Your liberation is near. 21:25-36
In our passage for study, Jesus calls on us to be alert, for it is very easy for a believer to slip into the cares of daily living and drift in faith such that we miss out on joining with him in the day of glory.
v25-26. Early in this chapter Jesus mentioned to the disciples that the temple would soon be destroyed. The disciples naturally want to know when and how these things will happened. Jesus now describes the destruction of Jerusalem and the temple. Drawing on prophetic imagery, he describes this destruction in the terms of the shaking of the "sun, moon and stars" - the shaking of powers and authorities on earth and in heaven. This rather descriptive language does not really concern cosmic disturbance, or natural calamity, rather it describes political distress under the mighty hand of God, Isa.13:10, Ezk.32:7, Jol.2:10-11. Jesus uses prophetic language that was once applied to Israel's enemies, and which is now applied to Israel itself.
v27.The proclamation concerning the coming of the Son of Man is what actually shakes the powers and authorities. Jesus' "coming in the clouds" is a coming to heaven, or from our perspective, an ascending to heaven to reign, Dan.7:13. As Lord of heaven and earth, Christ brings all things into subjection to himself. Stephen, in his vision, witnessed this "coming", Act.7:55-56. So, the Son of Man's coming, his enthronement, brings with it judgment.

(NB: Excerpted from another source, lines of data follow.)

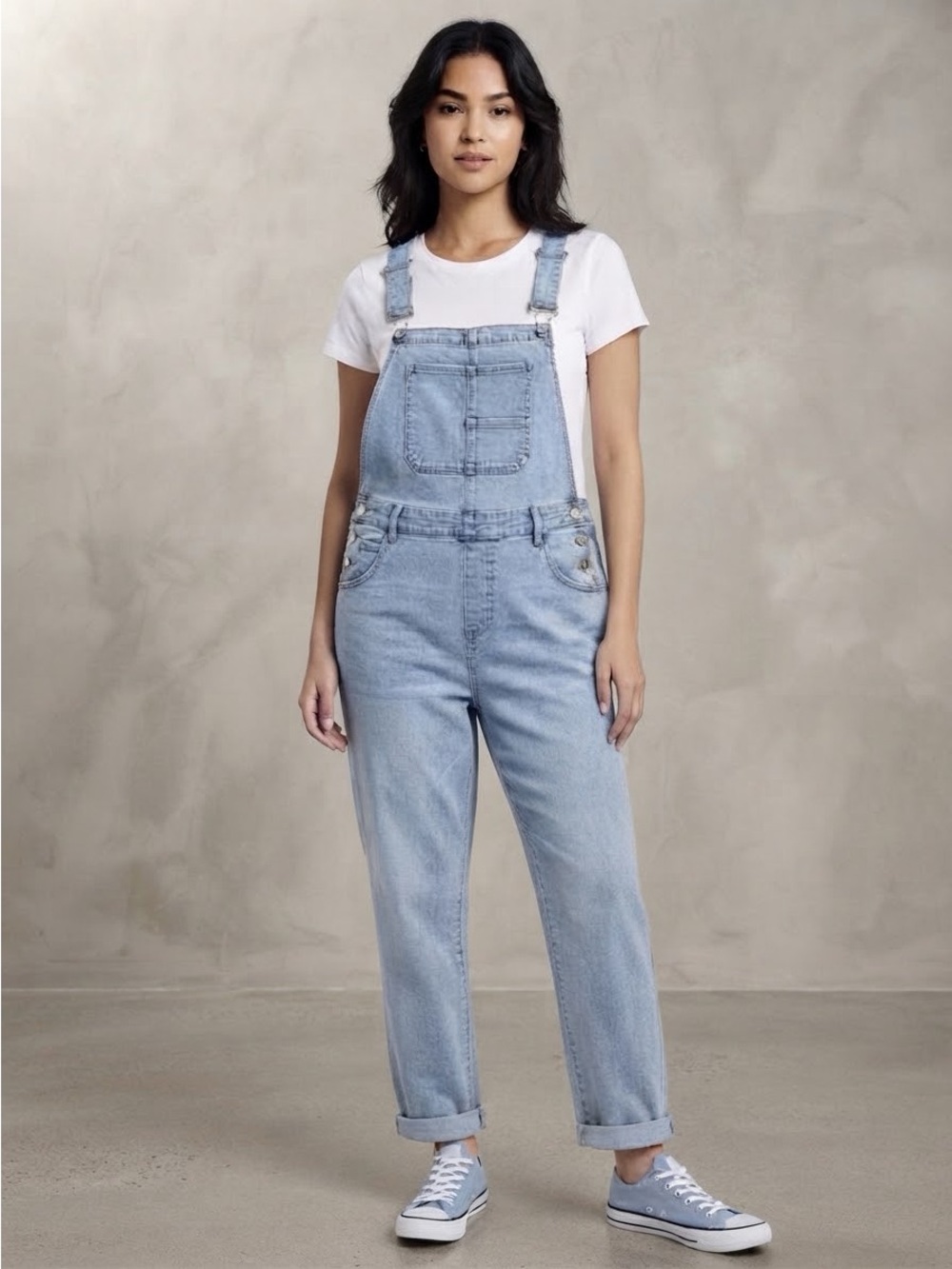 KENSIE Light Wash Denim Overalls
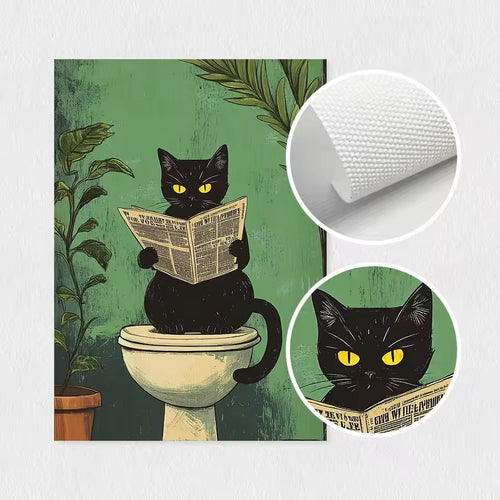 Bathroom Black Cat Canvas Poster Toilet Wall Art Print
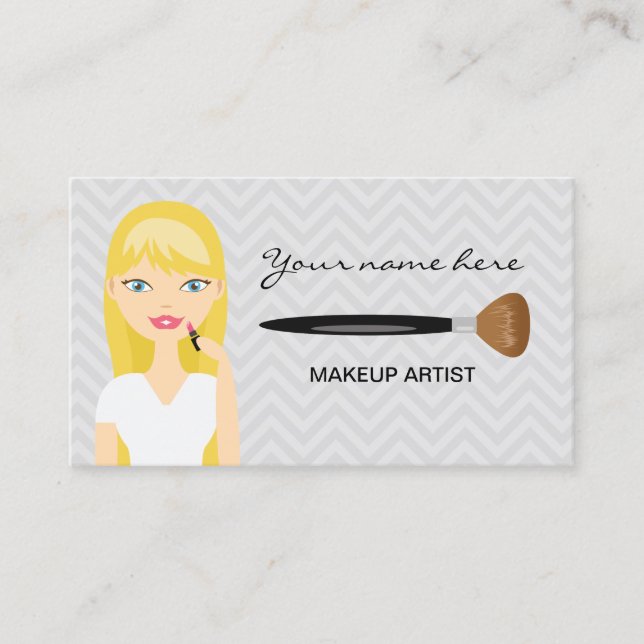 Tarjeta De Visita Mujer Con Artista De Maquillaje De Largo Pelo (Anverso)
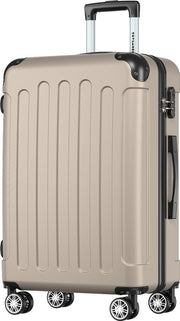 Valise TRVLMORE 70 L – Coque rigide en ABS – Roulettes à 360° – Cadenas à combinaison – Couleur champagne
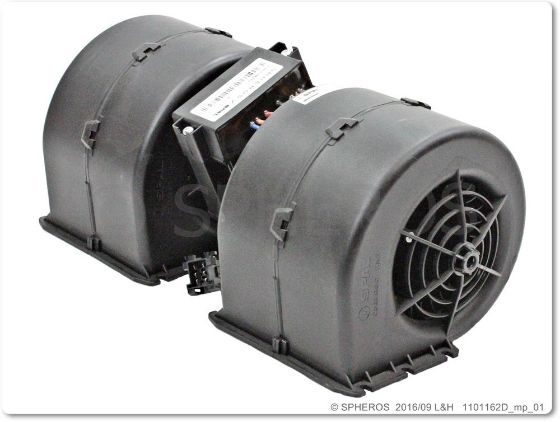 Billede af Radialblæser, dobbelt.  009-B40/T/IE-22 6 polet til aircondition systemer i bus og tog. 24 volt
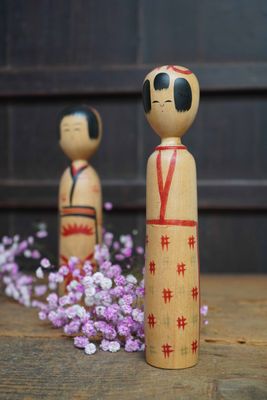 Set of 2 Vintage Traditional Kijiyama Kokeshi by Abe Heishiro, Japan.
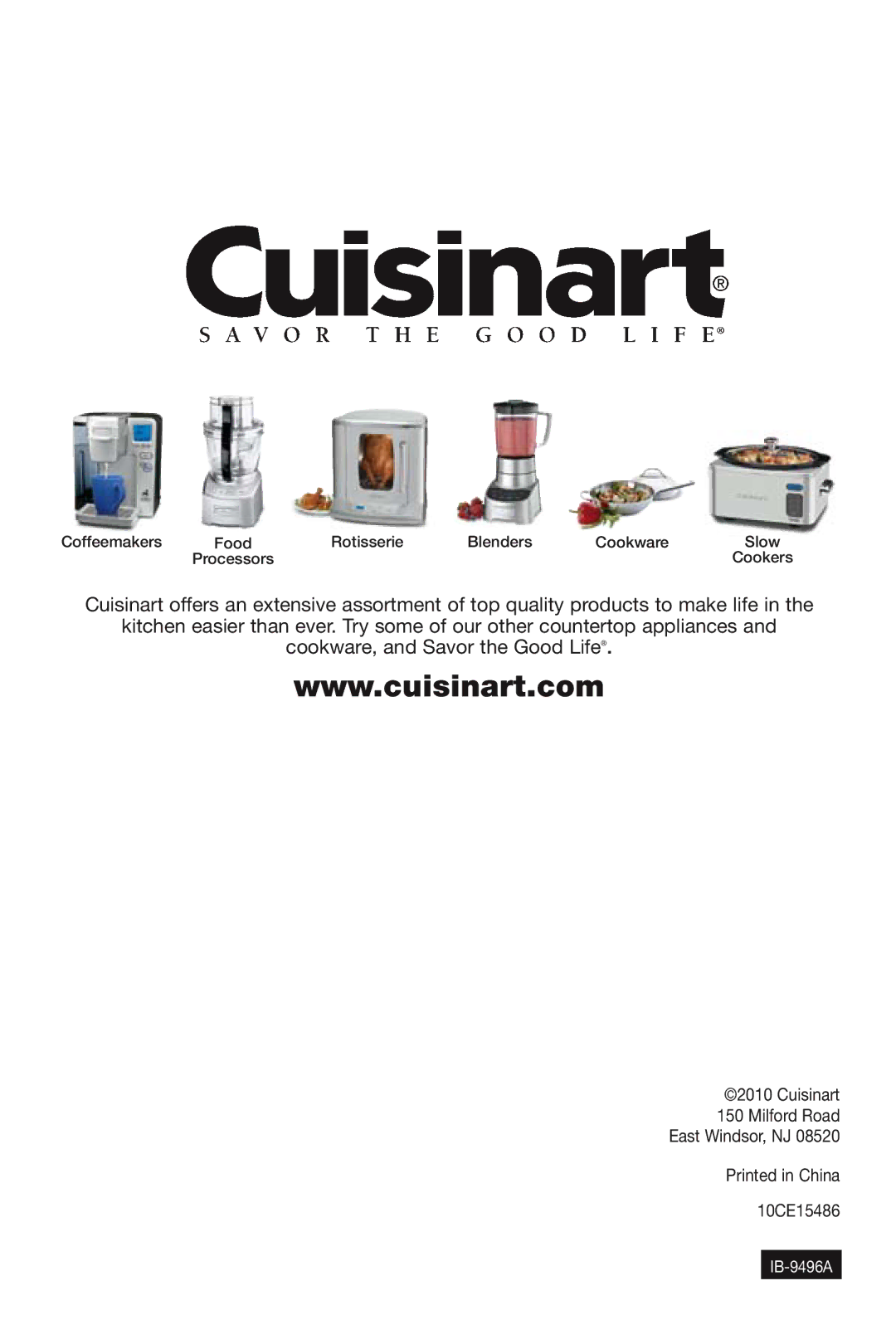 Cuisinart CHW12 manual IB-9496A 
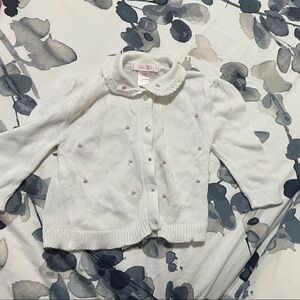 White Kids Sweater with Pink Accents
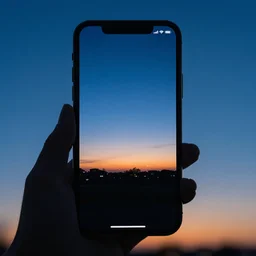 an iphone picture of a dim blue sunset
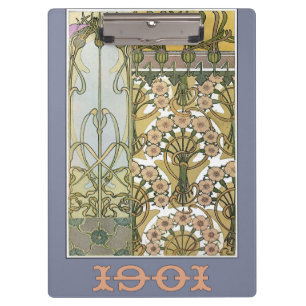 Art nouveau alphonse mucha floral art 1901 clipboard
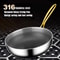 Premium 316 Stainless Steel Honeycomb Frying Pan And NonStick Wok For Induction And Gas 1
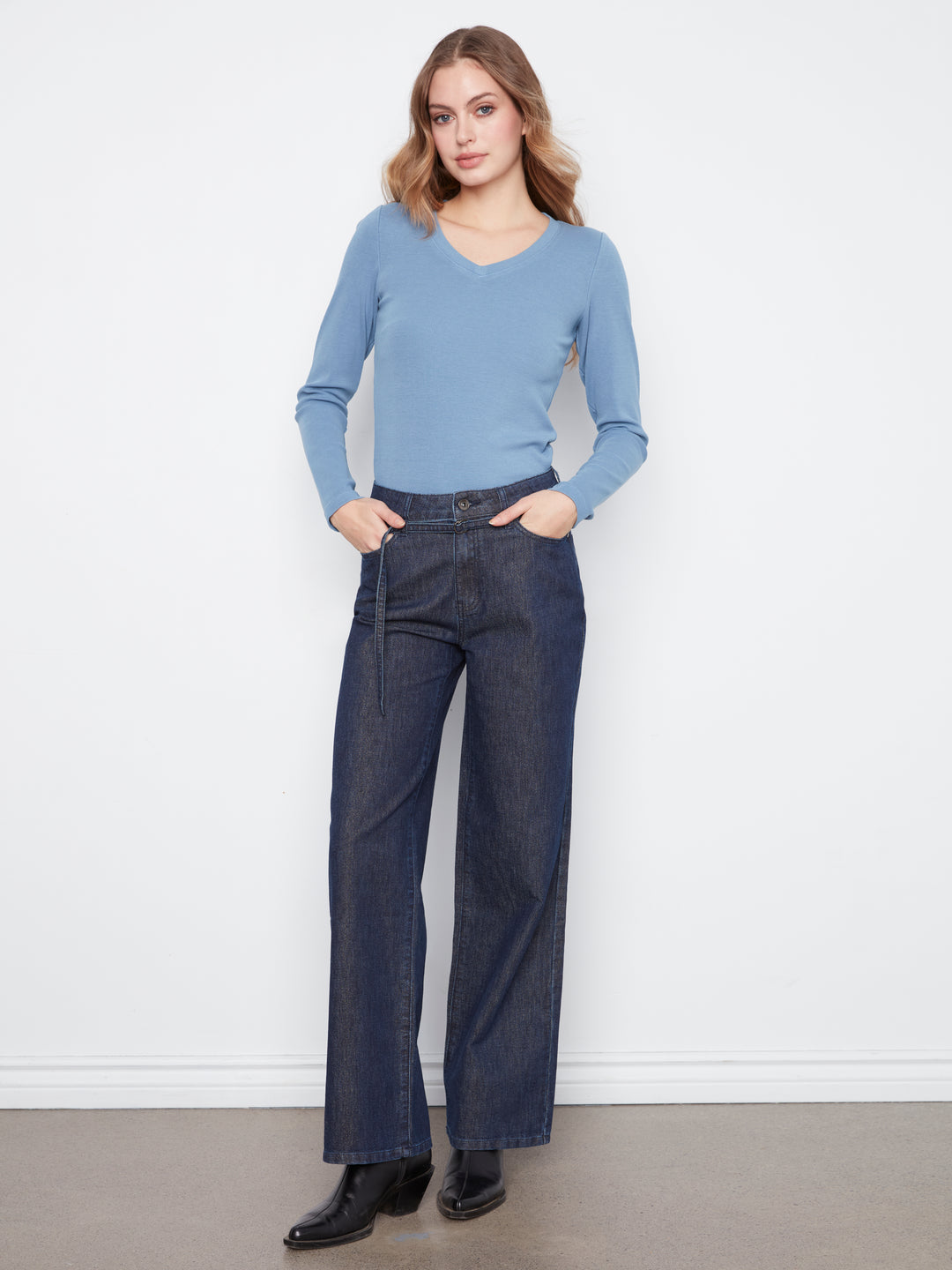 Lurex Denim Wide Leg Belted Pant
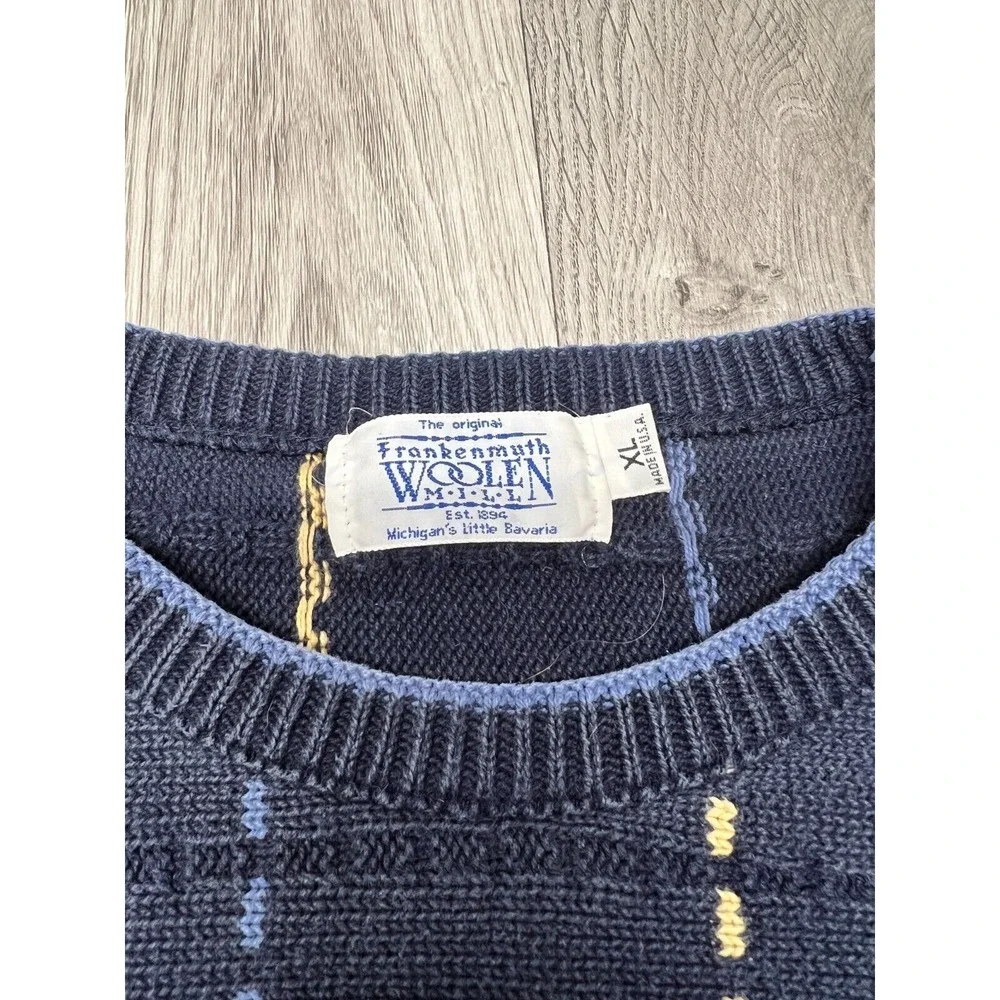 Vintage Frankenmuth Woolen Mill‎ Sweater Grandpa Geometric Navy XL Made USA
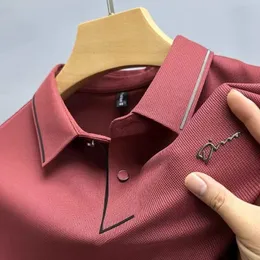 Hochwertiges Eis Silk Polo-Hemd Langarm hautfreundlicher T-Shirt Herumn Mode Trend Einfaches Geschäft hübsches Revers Ropa 240329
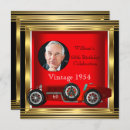 Search for vintage race car birthday invitations Red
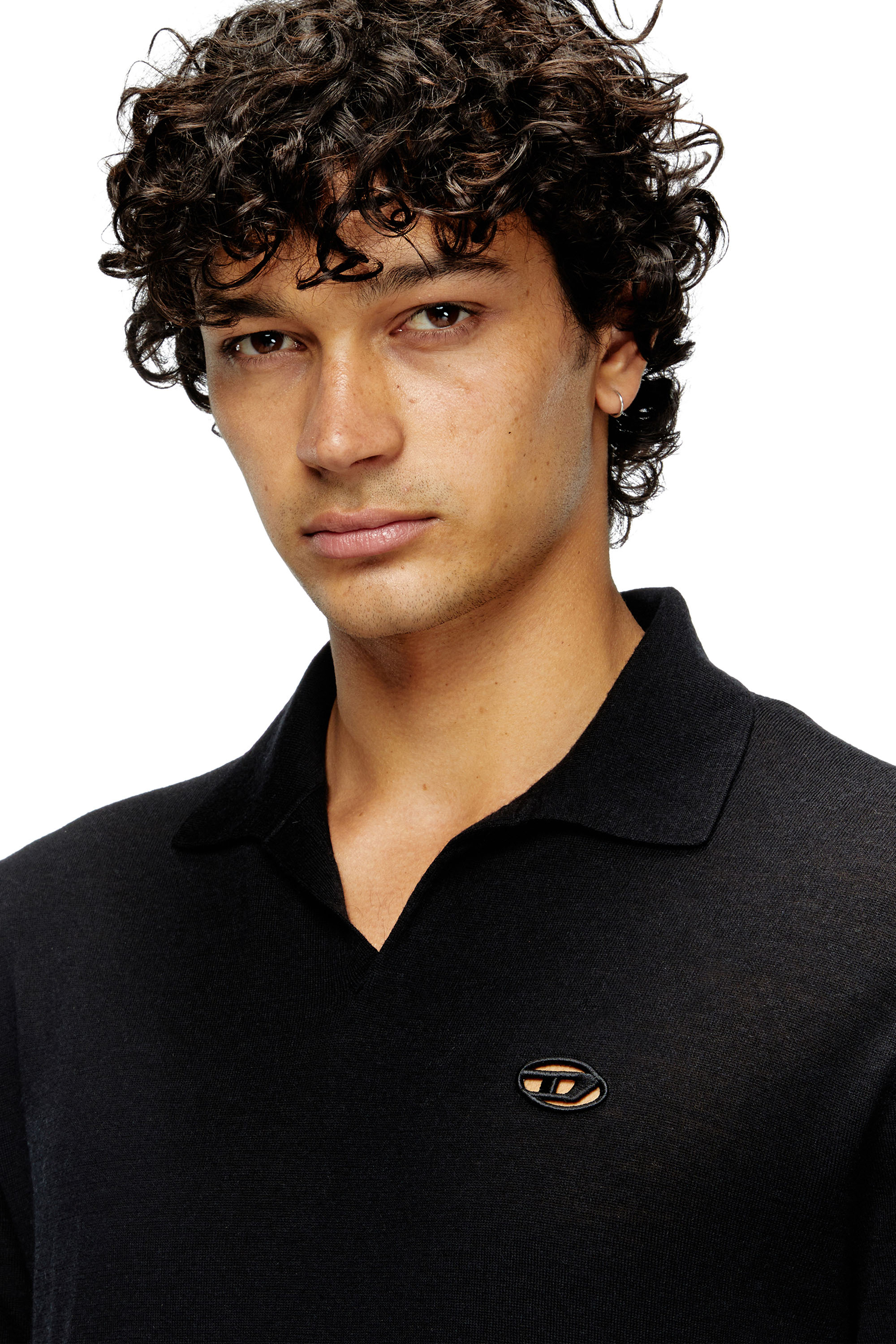 Diesel - K-GLARE, Man's Wool jumper with polo collar in Black - 5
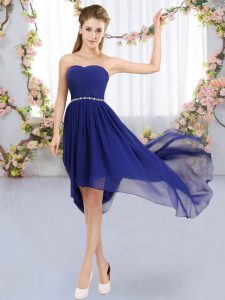 Ideal High Low Empire Sleeveless Royal Blue Dama Dress for Quinceanera Lace Up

v28. The shaking of all power and authority should remind believers that their liberation draws near. This was true for the apostles, and it is also true for us.
v29-31. As new sprouts on the fig tree tell us that summer is near, so the presence of these signs tell us that God's eternal reign is bursting in upon us. The early Christians witnessed Jerusalem surrounded by armies and they knew well that the end of the restored kingdom of Israel was at hand. History tells us that the believers fled Jerusalem before its destruction by Rome in 70AD. These same signs will herald the end of our age and the realization of the kingdom of heaven. Let us pray that we too will be able to read the signs in that day.
v32-33. Finally, Jesus answers the disciples' question "when", namely "this generation will not pass away until all these things have taken place." The apostles did indeed witness the fulfillment of Jesus' words, but we need to be reminded that Jesus' prophetic words apply to our age as well as to the church in the first century.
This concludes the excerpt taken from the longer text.